# Integral arising in estimation of discrete series

1. Apr 28, 2008

### CRGreathouse

I'm trying to solve
$$f(t;a,b)=\int_a^b\sqrt{t-x^3}dx$$
or find a good estimate for it. The problem is 'nice', and so various niceness assumptions apply: $0\le a\le b\le t$ -- and if other assumptions are needed, they probably hold. :D

An example of a bad estimate would be $(b-a)\sqrt{t-a^3}$ -- I'm looking for a better, or ideally a tractable closed-form version. Mathematica gives a complicated form that seems to be concerned mostly with the case that $x^3>t$ which will not be the case here.

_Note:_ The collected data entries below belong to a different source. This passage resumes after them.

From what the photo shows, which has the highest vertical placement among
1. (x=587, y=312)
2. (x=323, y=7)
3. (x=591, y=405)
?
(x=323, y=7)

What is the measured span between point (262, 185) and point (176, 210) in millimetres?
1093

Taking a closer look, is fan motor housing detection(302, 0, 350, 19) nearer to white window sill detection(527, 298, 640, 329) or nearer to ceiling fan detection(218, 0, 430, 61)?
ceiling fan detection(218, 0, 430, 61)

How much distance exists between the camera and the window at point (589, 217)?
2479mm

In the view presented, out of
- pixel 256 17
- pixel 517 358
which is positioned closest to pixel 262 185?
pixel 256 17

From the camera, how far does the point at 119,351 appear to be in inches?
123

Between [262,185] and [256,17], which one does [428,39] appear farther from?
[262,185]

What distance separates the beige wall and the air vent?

If it helps, a will be 'close' to 0 and b will be close to t.

2. Apr 29, 2008

### CRGreathouse

Failing a closed solution, any thoughts on a good estimate? Any fans of systems other than Mathematica want to test this integral?

3. Apr 29, 2008

### CRGreathouse

Playing around with it a bit, it looks like

$$\int_0^{t^3}\sqrt{t^3-x^3}dx=\frac{\Gamma(4/3)}{\Gamma(11/6)}\sqrt{t^5\pi}$$

4. May 1, 2008

### Gib Z

Simpson's rule gives:

$$\int^b_0 \sqrt{b^3 - x^3} dx \approx \frac{b}{6} \left( \sqrt{b^3} + 4\sqrt{\frac{7b^3}{8} \right)$$. Should be reasonable? Which reminds me, I think you meant t instead of t^3 as your upper bound in your last post.